TASK INPUT

──────

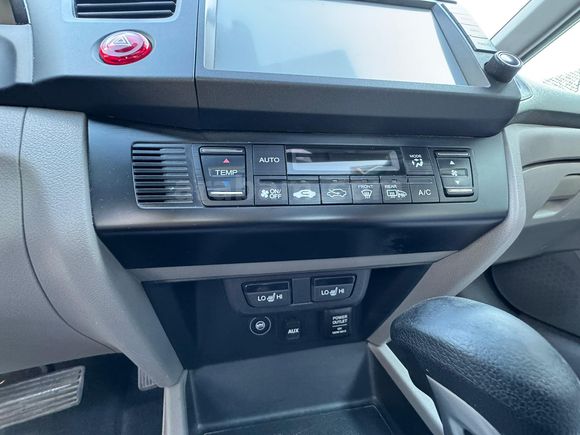 MEMURDAN SATILIK Honda Civic 1.6i VTEC Eco Elegance 2016 Model 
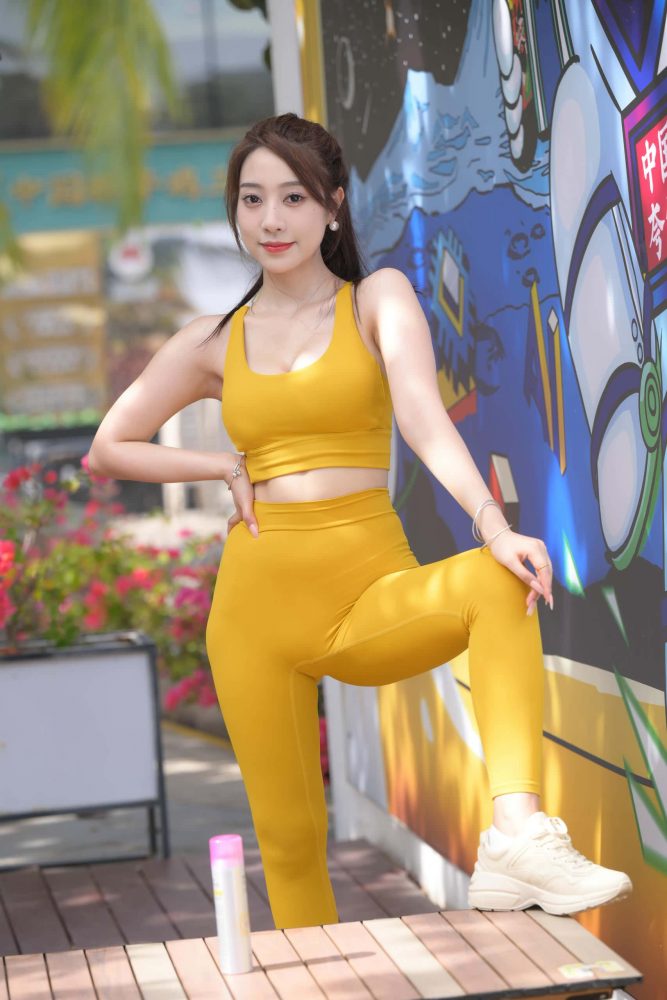 长相甜美的瑜伽裤女孩【695P】DM6305-街图社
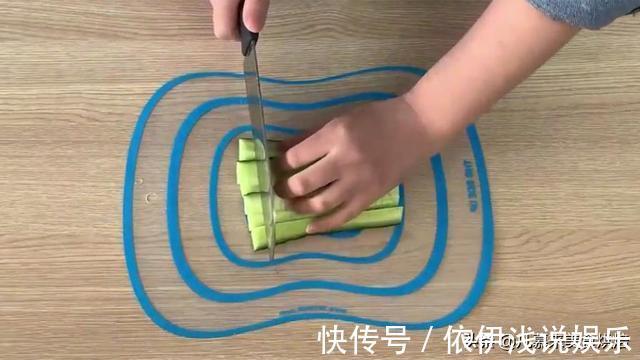 主菜|原来黄瓜切法有这么多种，黄瓜的花式切法大全图文详解，一看就会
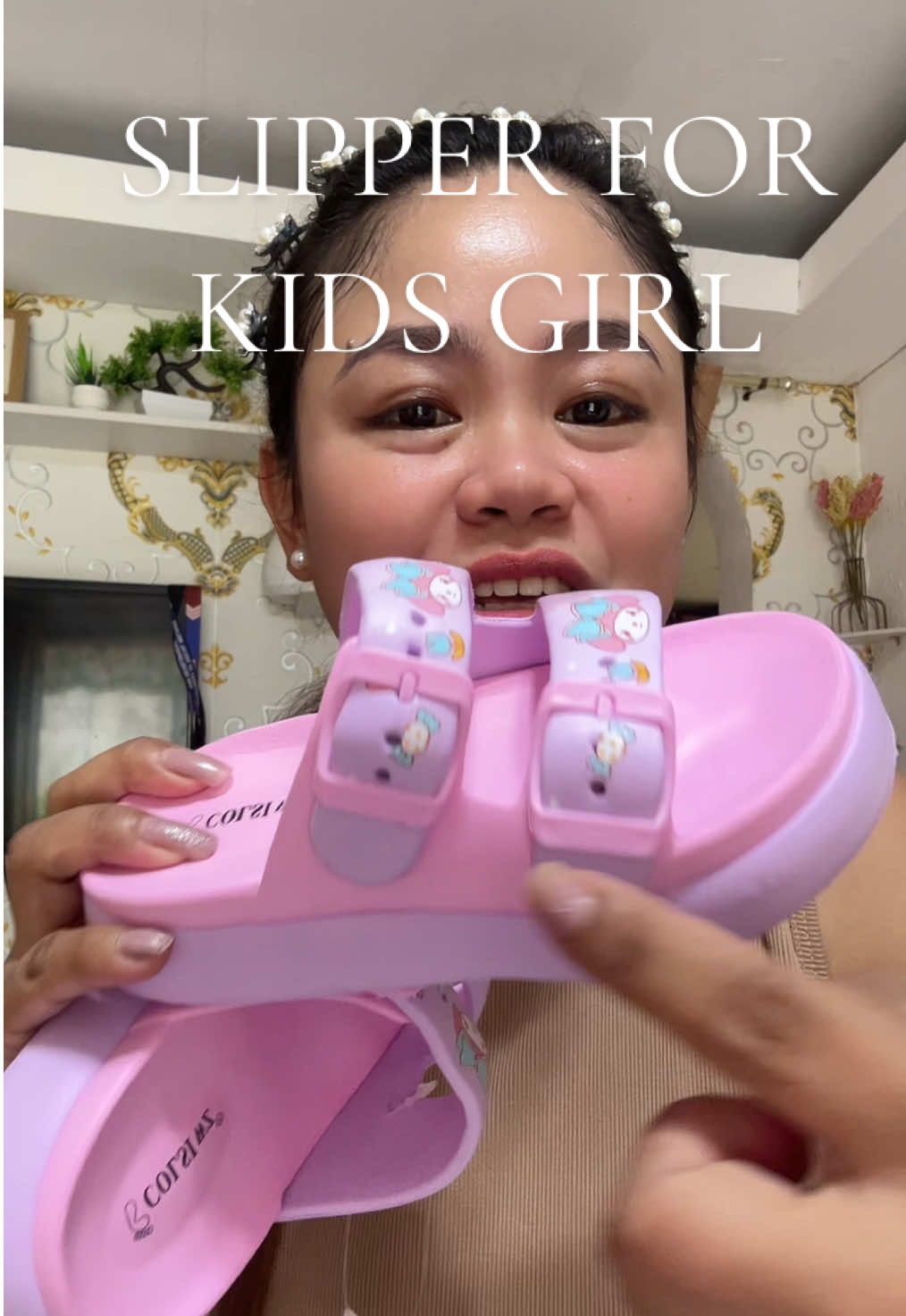 Pangalawang order ko na nga ng slipper na ito, nagustuhan ko yung quality at design nya, kaya nman bumili ulit ako. #slippers #slipper #slipperforkids #slipperforkidsgirl #affordableslippers #affordableslippersforkids 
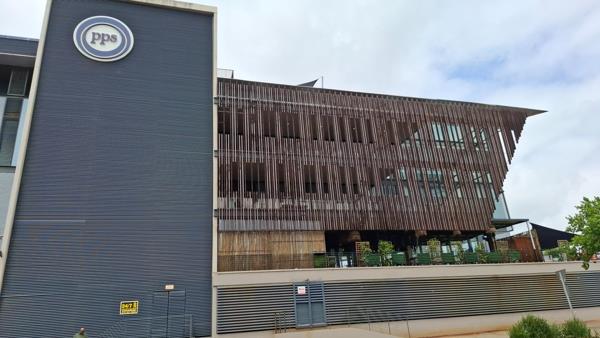 366  m² Office Space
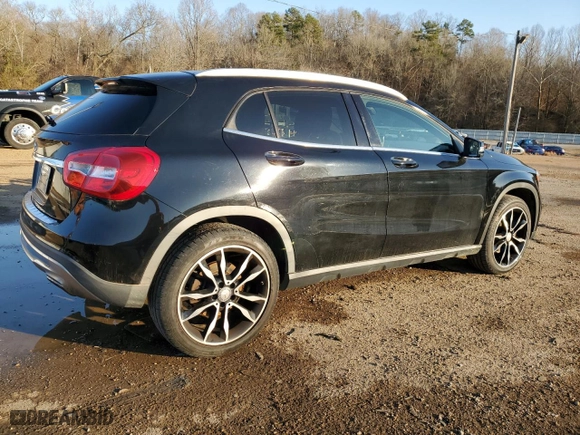 2016 Mercedes-Benz GLA with VIN WDCTG4EB1GJ256110, listed as a Copart auction lot 42338895 with 130,400 mi miles and Salvage Title. Bid and sale history available at carsss.com. Image 3.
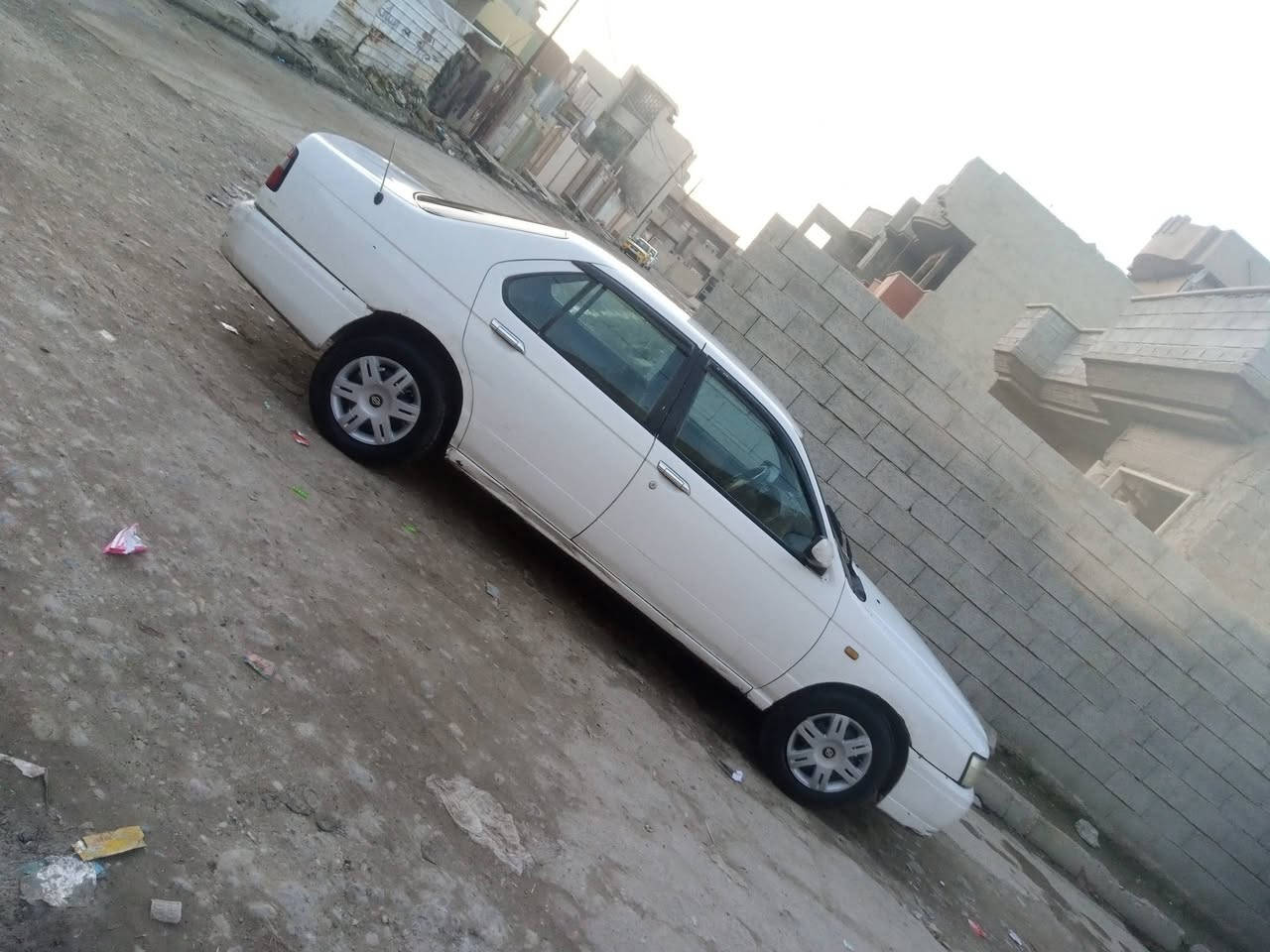 سياره نيسان للبيع موديل 1999كيرامحرك شرط اوشرط التحويل كاربون موجود السعر 20وارقه ***********
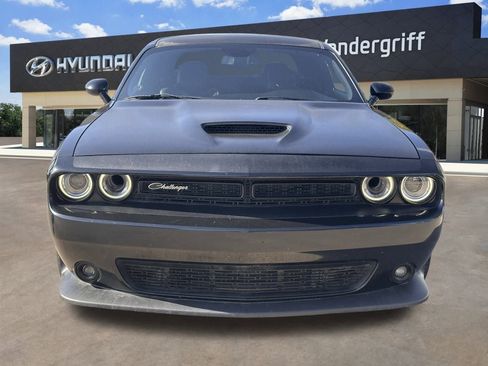 Used 2018 Dodge Challenger T/A image 2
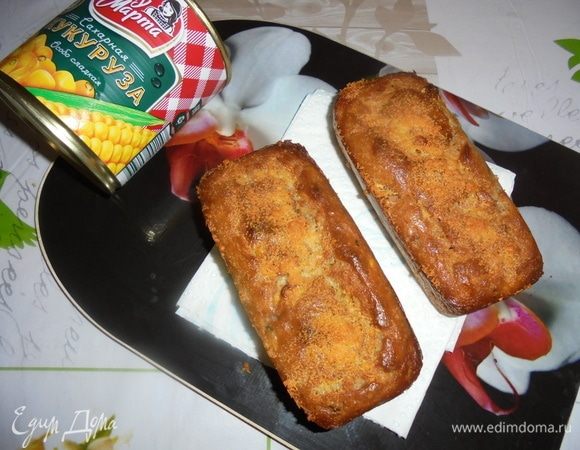 Вынуть кексы из формы, дать остыть.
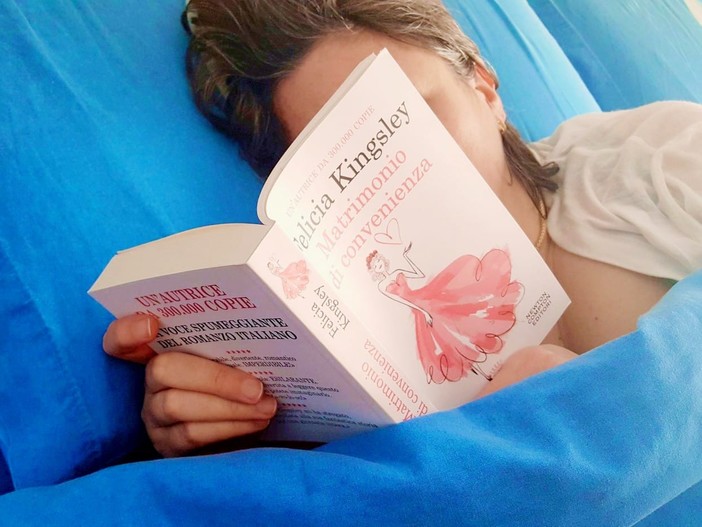 Leggere fa bene soprattutto alla sera, non solo il 23 aprile Giornata mondiale del libro Leggere fa bene soprattutto alla sera, non solo il 23 aprile Giornata mondiale del libro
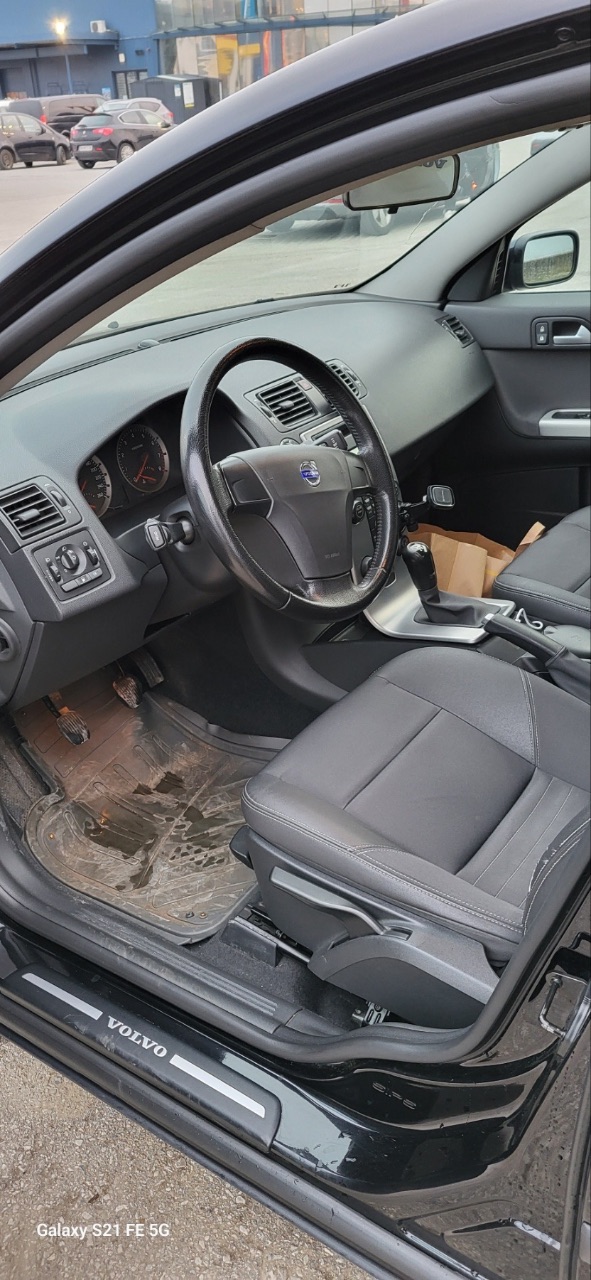 Volvo S40 - фото 7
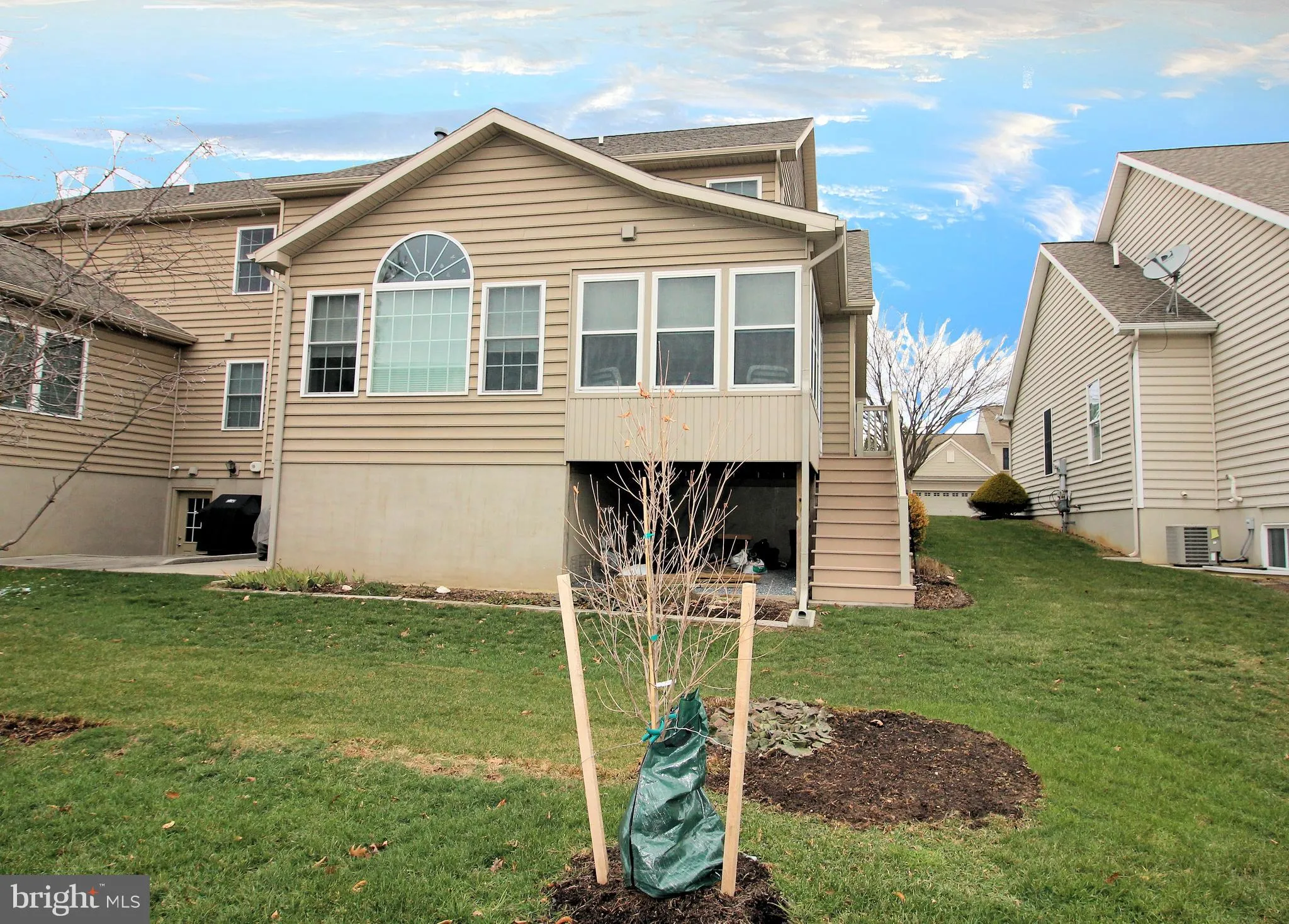 Mount Joy, Pennsylvania 17552, United States, 3 Bedrooms Bedrooms, ,3 BathroomsBathrooms,Residential,Pending,16517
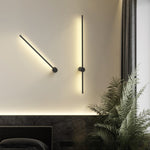 Luminária de parede linear com iluminação suave e design moderno e sofisticado, ideal para adicionar um toque de elegância atemporal à sua decoração. Preto 80cm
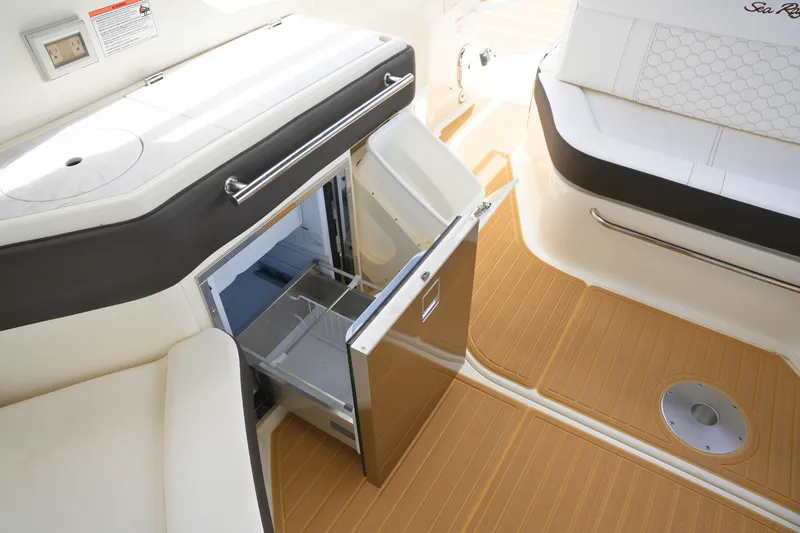 Slide: The Image of Sea Ray Sundancer 320 2026 - 15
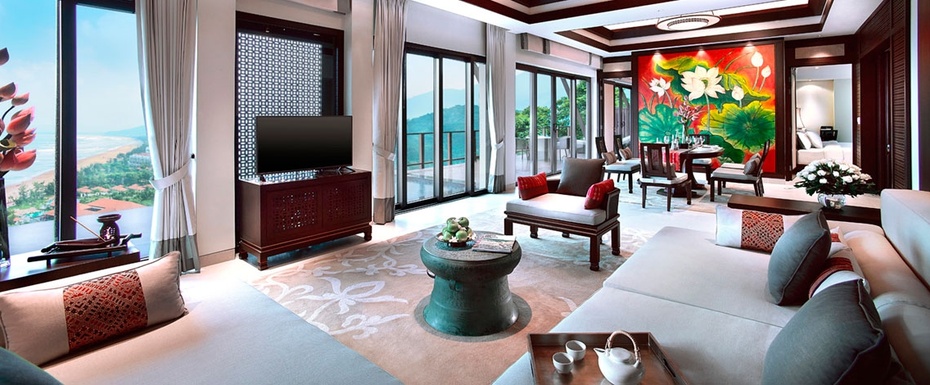 TWO-BEDROOM SEAVIEW HILL POOL VILLA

──────

Retype the lines above exactly, no pictures.

 MEMURDAN SATILIK Honda Civic 1.6i VTEC Eco Elegance 2016 Model 
 长相甜美的瑜伽裤女孩【695P】DM6305-街图社
 主菜|原来黄瓜切法有这么多种，黄瓜的花式切法大全图文详解，一看就会
 Pangalawang order ko na nga ng slipper na ito, nagustuhan ko yung quality at design nya, kaya nman bumili ulit ako. #slippers #slipper #slipperforkids #slipperforkidsgirl #affordableslippers #affordableslippersforkids 
 366  m² Office Space
 2016 Mercedes-Benz GLA with VIN WDCTG4EB1GJ256110, listed as a Copart auction lot 42338895 with 130,400 mi miles and Salvage Title. Bid and sale history available at carsss.com. Image 3.
 سياره نيسان للبيع موديل 1999كيرامحرك شرط اوشرط التحويل كاربون موجود السعر 20وارقه ***********
 Used 2018 Dodge Challenger T/A image 2
 Вынуть кексы из формы, дать остыть.
 Leggere fa bene soprattutto alla sera, non solo il 23 aprile Giornata mondiale del libro Leggere fa bene soprattutto alla sera, non solo il 23 aprile Giornata mondiale del libro
 Volvo S40 - фото 7
 Mount Joy, Pennsylvania 17552, United States, 3 Bedrooms Bedrooms, ,3 BathroomsBathrooms,Residential,Pending,16517
 Luminária de parede linear com iluminação suave e design moderno e sofisticado, ideal para adicionar um toque de elegância atemporal à sua decoração. Preto 80cm
 Slide: The Image of Sea Ray Sundancer 320 2026 - 15
 TWO-BEDROOM SEAVIEW HILL POOL VILLA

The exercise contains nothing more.